* [DATA TO EXAMINE]
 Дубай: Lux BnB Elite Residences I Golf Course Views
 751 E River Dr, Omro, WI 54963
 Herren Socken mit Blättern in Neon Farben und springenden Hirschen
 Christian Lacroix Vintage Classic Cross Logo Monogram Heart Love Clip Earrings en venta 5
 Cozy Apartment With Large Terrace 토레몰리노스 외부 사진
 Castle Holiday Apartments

* [TASK REQUIREMENTS] Restate the final lines of the listing above word for word, beginning at the line that contains "Herren Socken mit".

* [TASK RESPONSE]
 Herren Socken mit Blättern in Neon Farben und springenden Hirschen
 Christian Lacroix Vintage Classic Cross Logo Monogram Heart Love Clip Earrings en venta 5
 Cozy Apartment With Large Terrace 토레몰리노스 외부 사진
 Castle Holiday Apartments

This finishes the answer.